Being a full-time, stay-at-home parent is hard work. In fact, many would argue that it is the hardest job you'll ever have.
In any other profession, being a full-time chef, childcare provider, housekeeper, chauffer, and nurse (just to name a few of the titles stay-at-home parents tout) all at once would earn you a pretty hefty paycheck each month.
But full-time parenting doesn't pay a thing. (Aside, of course, from the invaluable time you get to spend with your child. But we're talking money here. Cold, hard cash.)
And there is one influential businesswoman who believes stay-at-home parents deserve more than that. She thinks they should get paid, to the tune of 10 percent of their working spouses salary.
As Wendy Luhabe, who at one time was recognized as one of the 50 leading women entrepreneurs of the world by the U.S.-based Star Group, explains in her interview, money is the currency that we use to define value of a contribution we make.
Working as a full-time parent without getting paid has the potential to lead to resentment-- resentment for feeling undervalued, and resentment for giving up a career and paycheck to raise a family.

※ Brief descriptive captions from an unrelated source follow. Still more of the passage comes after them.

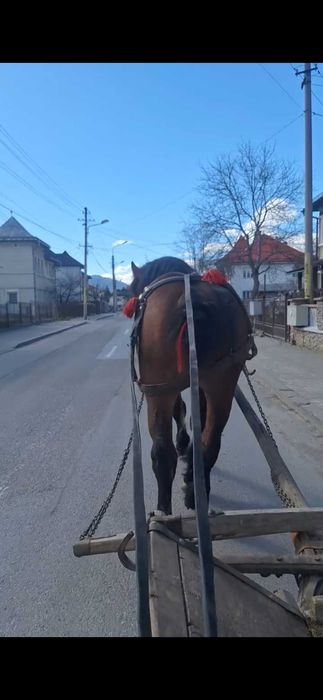 De vânzare manz in varsta de 2 ani jumate învățat tras suta la suta !!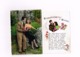 Delcampe - Lot De 8 Cartes.Couples. - Couples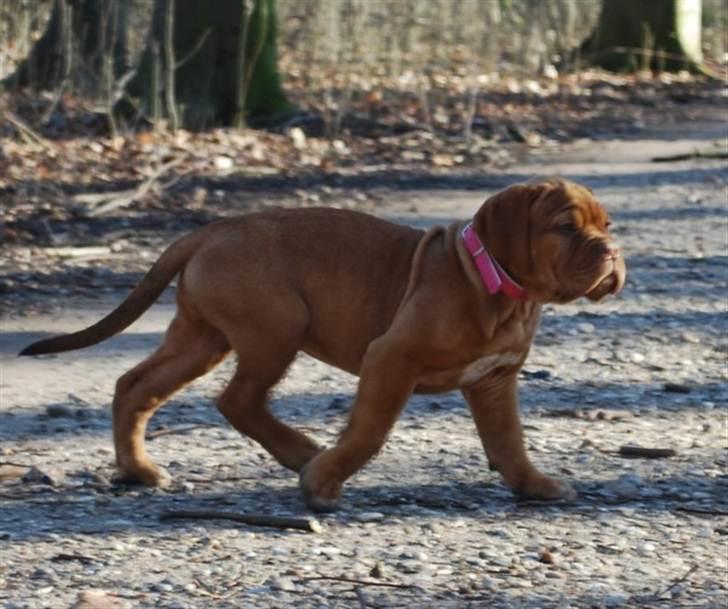 Dogue de bordeaux Golden Goddess Nairobi billede 10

Finances are a sticky subject. In fact, most experts would say that finances are one of the biggest stressors in a marriage. So how do you manage money when one parent works and the other stays at home?
Is the stay-at-home parent allowed to go shopping for shoes, as she might with her own paycheck?

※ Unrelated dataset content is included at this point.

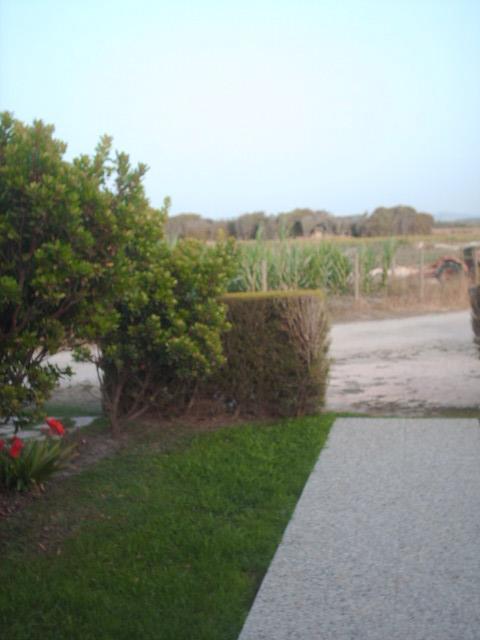Quinta Da Bunheira Guest House Rogil Exterior photo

Is the stay-at-home parent given a stipend, such as the suggested 10 percent, that is hers or his to do as they please?
Does the stay-at-home parent manage the budget, so he or she knows when there is a little extra cash to spend for fun stuff?
Every family is different, and there isn't any right or wrong way to this situation. But we're curious-- are you a stay at home parent? How do you and your spouse figure out household finances, stipends, and spending?